The X-ray diffraction (XRD) spectra in Fig. 1 depict a distinct diffraction pattern that aligns with (PDF#48-1548), with 2θ values centered at 32.5°, 35.5°, 38.7°, 48.7°, 53.5°, 58.3°, 61.5°, 66.2°, and 68.1° Upon comparison with commercially available CuO, the XRD spectra of the two specimens displayed only minimal disparities, lacking any noticeable impurity peaks. This indicates that the CuO samples prepared maintained a high level of purity and structural integrity throughout the synthetic process. For reference, the XRD spectra of mesoporous silica can be found in Fig. S1.

The SEM images of commercial CuO and the CuO sample obtained in this study have been shown in Figs. 2a-b, showcasing their respective morphological features. The visual comparison highlights that the commercial CuO possesses an overall irregular bulk structure, whereas the CuO sample synthesized in this work comprises notably smaller particles. This reduction in size is primarily attributed to the nanostructure of mesoporous silica (Fig. S2). The TEM image, featured in the inset of Fig. 2b, illustrates that these minute particles are constructed from smaller particles, displaying pores and open spaces within them. Such a structural arrangement offers advantages by increasing the surface area of CuO, facilitating efficient catalysis of PMS. Furthermore, in Fig.

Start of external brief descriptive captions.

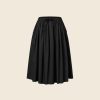 WENDYKEI Cotton Skirt With Cargo Pockets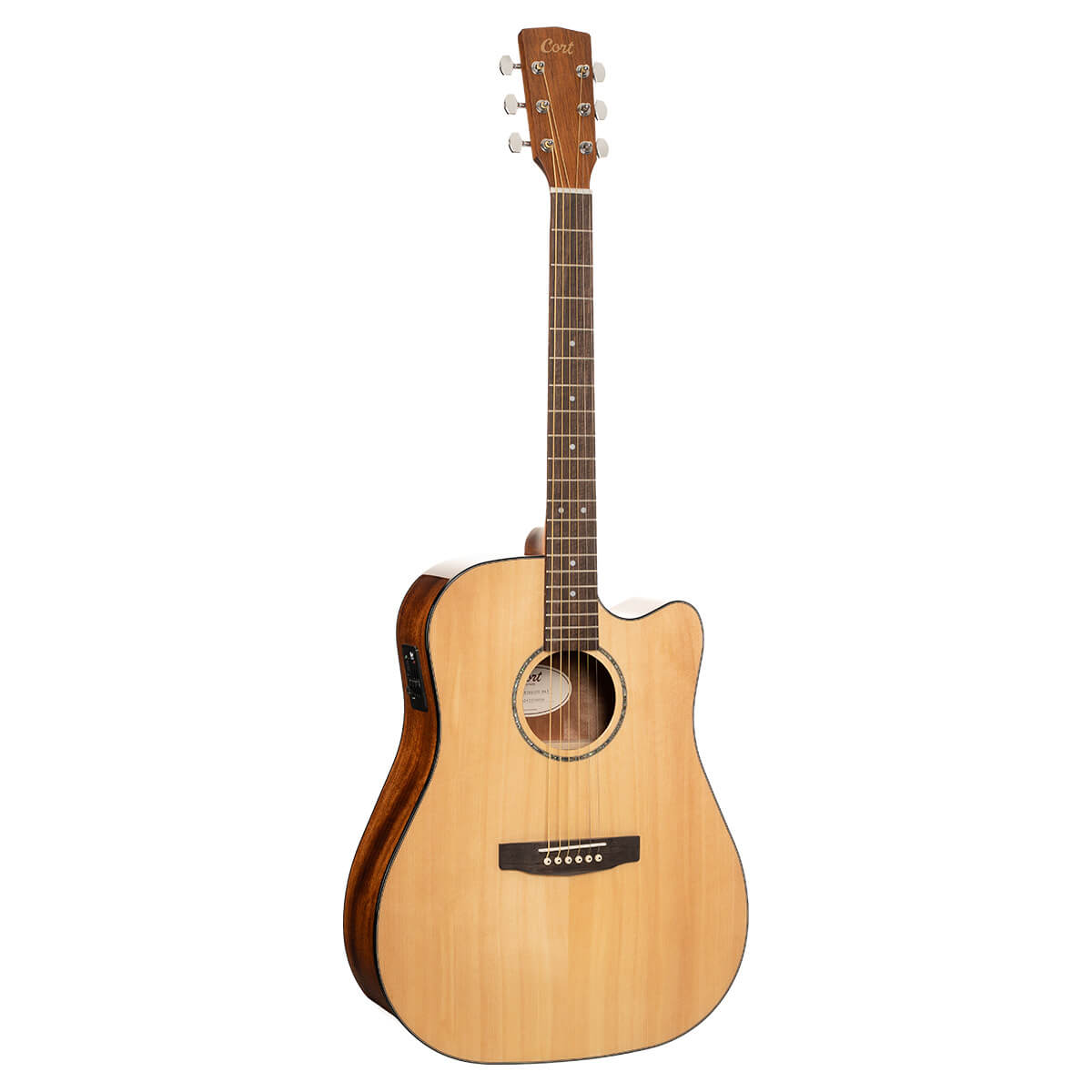 Cort Earth60CE Electro-Acoustic - Natural Gloss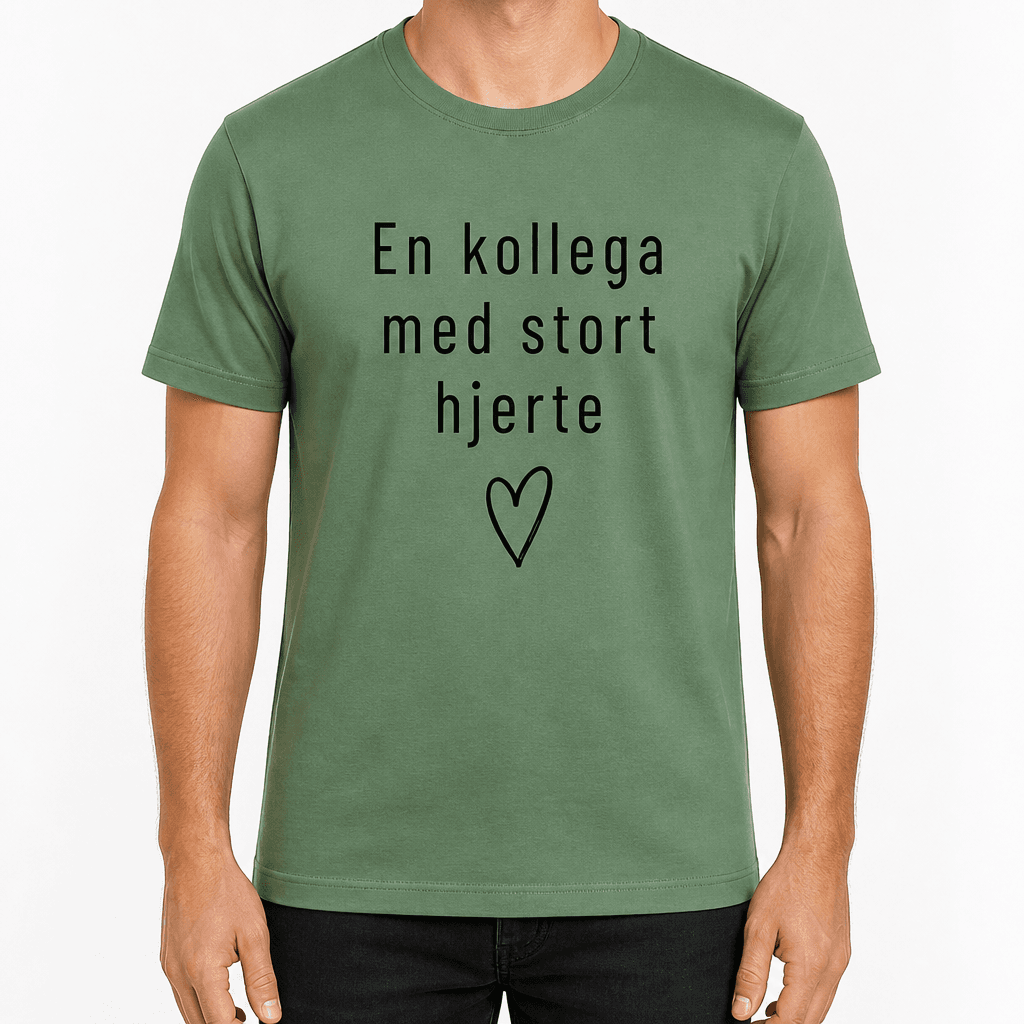 Kolleger T-skjorte – En kollega med stort hjerte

S3, it's evident that the CuO sample shows improved dispersion in water, a factor that contributes to its efficacy in catalytic degradation. Figure 2c displays the HR-TEM image and the corresponding SAED map of the specimen, revealing well-defined lattice edges measuring 0.254 nm. Additionally, the N₂ adsorption-desorption technique was employed for assessing the specific surface area of the CuO specimen. As depicted in Fig. 2d, CuO fabricated in this work has a significantly higher specific surface area equivalent to 9.19 m²/g in comparison to the commercial CuO, for which the corresponding value is 0.56 m²/g. This substantial difference suggests that the technique employed for CuO preparation is favorable for expanding the catalyst's specific surface area, allowing the availability of a greater number of surface active sites for PMS molecule adsorption.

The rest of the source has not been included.